From Fear to the Sea: Cyndi Karel Ngnah’s Journey to Protect Cameroon’s Marine Ecosystems
AWF-Wall Fellow Cyndi Karel Ngnah.
In Douala, the ocean first came to Cyndi Karel Ngnah as a warning. Her mother told her the sea was dangerous—a place of mermaids and mystery, not somewhere a child should go. The ocean was close enough to shape Cameroon’s coast, but distant from the life Cyndi knew in the country’s economic capital.
“I was always curious about whether mermaids really existed,” she recalls. “But in our community, the ocean was mostly feared. It was seen as a source of danger.”
On World Oceans Day, marked globally on June 8, that childhood memory carries a different meaning. The same ocean Cyndi was taught to fear is now the focus of her life’s work. As Site Coordinator for the African Marine Conservation Organization (AMCO) in Limbe, Cameroon and an African Wildlife Foundation-Wall Fellow, she is helping communities see the sea as a living system worth understanding and protecting.
A Different Route to Conservation
Cyndi’s path into marine conservation was not the one many expected. Her father was a doctor and her future seemed to lean in that direction. Instead, she enrolled at the Institute of Fisheries and Aquatic Sciences where a new question began to take hold.
“Growing up, I had only ever heard people emphasize protecting forests and trees,” she says. “I had never heard the ocean described as that important. I became very curious about how such a vital ecosystem had received so little attention.”
Even then, Cyndi had not seen the sea. That changed when she was 17, during a university field excursion to Limbe.
“I saw this vast environment and realized there was an entire world beneath the surface that I knew almost nothing about,” she says. “I had been learning about dolphins and sea turtles from books but seeing the ocean in person made it real.”
Today, Limbe is where she lives, works, and leads.
Science Beneath the Surface
At AMCO, Cyndi’s work moves between community meetings, field monitoring, education, and the sea itself.
“As a certified Scuba Diver, I lead field monitoring of marine biodiversity and the species beneath,” she says. Cyndi earned her diving certification in South Africa, where she also entered the underwater world for the first time.
“I had information from books and research but not from my own experience,” she says. “Bridging that gap and seeing the ocean with my own eyes was one of the great experiences of my life.”
That experience now informs her work in Limbe.

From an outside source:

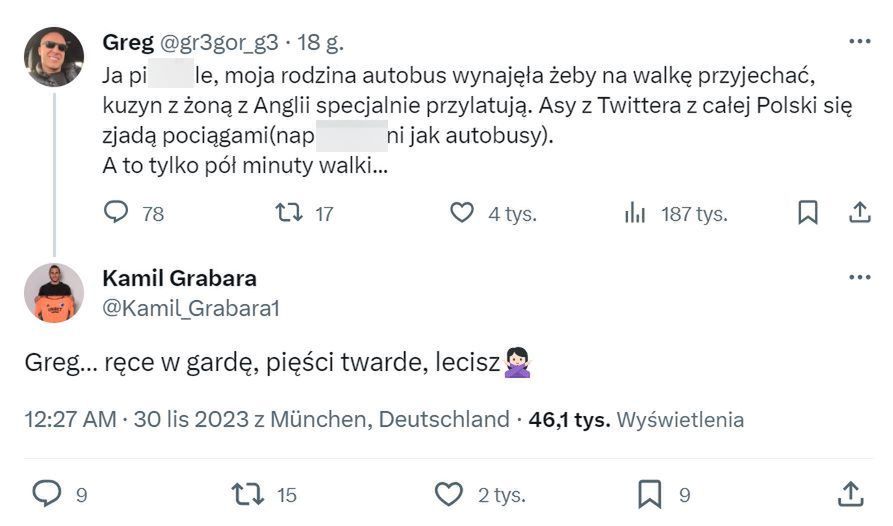 Komentarz Kamila Grabary pod wpisem "Grega"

Community-Led Conservation in Limbe
For Cyndi, marine conservation starts with respect for people who depend on the ocean. Across Limbe’s fishing communities, she works from a simple principle: Conservation cannot succeed if it is designed around communities rather than with them.
“We work closely with the communities since they have a better understanding of the coastal region,” she says.
One tool supporting this work is the SIREN app, a citizen-science platform that allows artisanal fishers to photograph the marine species they encounter. These images help researchers map marine biodiversity along a coastline where many species remain poorly documented.
But the challenge is not only scientific. Illegal and unregulated fishing by large foreign vessels depletes fish stocks, pushing local fishers toward practices they may once have avoided, including catching juveniles or targeting vulnerable species.
“Before scientists came, culture had already done the work of conservation,” Cyndi says. “The communities we work with were not eating sharks or dolphins. But when there is no fish, they don’t have any other approach.”
Her response is to understand the pressures shaping their choices and work with them toward alternative livelihoods and sustainable practices.
“Sometimes we focus too much on what conservation needs,” she says, “and not enough on what communities need. Real impact happens when both come together.”
Making the Ocean Visible
Early in her career, a fisherman called Cyndi’s team to report a stranded sea turtle. By the time she arrived, it had died. It was the first sea turtle she had seen in person. When researchers examined it, they found plastic micro-particles in its stomach.
“People hear about plastic pollution all the time, but many never see its impact directly,” she says. “For me, seeing that turtle made the issue real.”
That moment sharpened her commitment to education and visual storytelling. She works with children and fishers to build a relationship with the ocean that she did not have growing up.
“I work with children and local fishers, helping them build a connection to the ocean and see themselves as its future guardians,” she says.
Leadership for Africa-Led Conservation
As her responsibilities expanded, Cyndi needed more than technical expertise. She was managing teams, engaging stakeholders, and representing her organization in wider conservation spaces. The AWF-Wall Youth Leadership and Management Fellowship helped strengthen that transition.
“I used to think leadership was about telling people what to do,” she says. “I’ve learned it is much more than that. It is about working with people and understanding their needs. That helps you orient your approach.”
For Cyndi, the fellowship reinforced that Africa-led conservation depends on leaders who can connect science, communities, and strategy.
On World Oceans Day, her story offers a grounded picture of marine conservation in practice: fishers documenting species, children learning the value of the sea, and a young woman from Douala turning fear into purpose.
“The ocean is not something to fear. It is something worth understanding,” she says.